Column: Institutionalized racism must be combatted with education

Lindsey Ulrey

Institutionalized racism, also known as systemic racism, is the most important political problem that the United States is currently facing. It is imperative to look back at the history of racism, so we can better understand how to address the problem of institutionalized racism and find valid solutions to this distressing problem.

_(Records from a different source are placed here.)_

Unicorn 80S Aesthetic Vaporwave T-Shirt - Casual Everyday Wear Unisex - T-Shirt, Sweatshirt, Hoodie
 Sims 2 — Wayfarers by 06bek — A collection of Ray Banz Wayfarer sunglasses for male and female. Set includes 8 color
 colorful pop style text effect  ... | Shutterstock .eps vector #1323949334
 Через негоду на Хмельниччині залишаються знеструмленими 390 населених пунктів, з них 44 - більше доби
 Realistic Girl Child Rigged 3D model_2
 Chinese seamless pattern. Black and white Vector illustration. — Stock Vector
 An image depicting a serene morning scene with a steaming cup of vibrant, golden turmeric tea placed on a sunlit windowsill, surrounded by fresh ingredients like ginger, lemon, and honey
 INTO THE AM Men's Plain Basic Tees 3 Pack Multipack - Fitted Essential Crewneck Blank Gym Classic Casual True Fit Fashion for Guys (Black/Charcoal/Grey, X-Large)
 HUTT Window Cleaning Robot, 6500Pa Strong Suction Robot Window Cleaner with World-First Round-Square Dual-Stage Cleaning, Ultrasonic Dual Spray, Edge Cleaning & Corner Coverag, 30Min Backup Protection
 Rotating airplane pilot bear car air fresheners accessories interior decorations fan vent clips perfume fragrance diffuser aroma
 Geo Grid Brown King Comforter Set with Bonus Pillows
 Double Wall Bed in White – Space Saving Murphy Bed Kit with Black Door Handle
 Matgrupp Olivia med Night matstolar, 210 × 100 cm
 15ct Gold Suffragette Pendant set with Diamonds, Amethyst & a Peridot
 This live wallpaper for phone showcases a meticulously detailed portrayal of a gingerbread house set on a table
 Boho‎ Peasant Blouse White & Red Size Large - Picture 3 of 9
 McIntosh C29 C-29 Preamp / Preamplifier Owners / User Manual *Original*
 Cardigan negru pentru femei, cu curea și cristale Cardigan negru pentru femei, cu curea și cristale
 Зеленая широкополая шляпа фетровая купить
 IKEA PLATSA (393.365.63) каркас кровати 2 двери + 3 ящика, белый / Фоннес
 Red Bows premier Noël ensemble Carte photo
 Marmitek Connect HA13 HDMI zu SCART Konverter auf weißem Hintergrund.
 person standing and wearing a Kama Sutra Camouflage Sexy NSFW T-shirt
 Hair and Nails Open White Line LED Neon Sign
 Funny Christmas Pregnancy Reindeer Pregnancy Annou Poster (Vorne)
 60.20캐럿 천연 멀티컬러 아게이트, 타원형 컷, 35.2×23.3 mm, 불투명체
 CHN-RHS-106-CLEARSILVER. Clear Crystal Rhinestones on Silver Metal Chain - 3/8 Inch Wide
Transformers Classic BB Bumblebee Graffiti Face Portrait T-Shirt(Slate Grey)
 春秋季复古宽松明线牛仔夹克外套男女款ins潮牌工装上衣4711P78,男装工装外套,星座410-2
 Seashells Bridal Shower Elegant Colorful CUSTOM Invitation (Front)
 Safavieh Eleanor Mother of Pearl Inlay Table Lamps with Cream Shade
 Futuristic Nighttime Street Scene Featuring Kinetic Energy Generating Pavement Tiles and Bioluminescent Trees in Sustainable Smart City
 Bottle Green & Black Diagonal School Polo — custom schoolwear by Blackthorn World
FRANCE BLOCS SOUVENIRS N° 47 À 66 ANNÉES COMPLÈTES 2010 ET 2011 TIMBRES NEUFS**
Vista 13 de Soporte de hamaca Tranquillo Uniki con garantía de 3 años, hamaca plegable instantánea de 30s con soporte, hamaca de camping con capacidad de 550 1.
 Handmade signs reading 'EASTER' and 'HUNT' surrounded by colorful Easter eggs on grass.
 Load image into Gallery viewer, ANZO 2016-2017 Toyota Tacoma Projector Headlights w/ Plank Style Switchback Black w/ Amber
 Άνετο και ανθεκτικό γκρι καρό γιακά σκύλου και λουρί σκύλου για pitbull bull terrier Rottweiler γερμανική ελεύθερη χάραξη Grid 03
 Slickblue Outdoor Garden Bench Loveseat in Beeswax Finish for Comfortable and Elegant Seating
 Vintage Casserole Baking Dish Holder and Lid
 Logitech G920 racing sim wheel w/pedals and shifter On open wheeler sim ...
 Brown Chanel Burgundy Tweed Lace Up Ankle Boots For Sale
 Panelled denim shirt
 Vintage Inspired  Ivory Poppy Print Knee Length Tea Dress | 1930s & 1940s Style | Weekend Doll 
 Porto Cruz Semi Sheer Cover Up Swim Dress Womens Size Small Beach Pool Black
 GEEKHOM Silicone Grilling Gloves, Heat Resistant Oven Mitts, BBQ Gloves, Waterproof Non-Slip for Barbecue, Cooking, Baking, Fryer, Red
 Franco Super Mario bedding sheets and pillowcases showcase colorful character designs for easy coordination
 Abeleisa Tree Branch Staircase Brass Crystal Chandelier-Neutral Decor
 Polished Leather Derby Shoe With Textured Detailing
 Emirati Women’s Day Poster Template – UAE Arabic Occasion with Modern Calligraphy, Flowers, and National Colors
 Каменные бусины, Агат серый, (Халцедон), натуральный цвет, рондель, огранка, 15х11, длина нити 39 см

There are many reasons that historians, anthropologists and sociologists have cited as the reason that racism became a problem. Some argue that racism is an irrational response to difference which causes some people with white skin to have hateful attitudes to people with black skin which sometimes leads to violent and evil actions. Racism in the United States has been around since the 1400s, beginning when European settlers began colonizing America. Europeans, in their quest to “civilize” people, began taking slaves and treating people who looked different from them as inferior. The first victims of racism were the Native Americans that were murdered, mistreated and taken advantage of by European settlers. This beginning set a dangerous precedent that still affects our society today. Karl Marx, German philosopher and socialist revolutionary, argued in one of his most noted works called “Das Kapital” that racism is rooted in capitalism.

I think that we need to increase the efforts that we are already making to decrease institutionalized racism. The most notable efforts that we need to increase include spreading awareness and education on racism in our government, protests and forward-thinking policy. All these efforts are linked, and none can happen independently. I believe that one of the most important things that can be done is spreading awareness and education on institutionalized racism because if everyone learns the amplitude of the problem and learns to “check their privilege,” most people will feel urgency to create change. Many are already feeling this urgency, and the recent Black Lives Matter protests are proof of this. I believe that these protests are directly linked to the increase in awareness brought to the problem of institutionalized racism. Much of this awareness is brought through social media and the increase in pictures and videos taken when injustice occurs. Protests then cause policymakers in the United States to feel the pressure to affect change.

To create more forward-thinking policy that is just and fair for people of color, policy needs to focus on expressly addressing specific outcomes dependent on race and give components to diminish those aberrations. To diminish those aberrations policy should focus on increasing the access to public and private resources for people of color, improving the freedom for people of color to express themselves fully both culturally and spiritually, removing barriers for people of color to participate civically and people of color should be heavily involved in creating policy.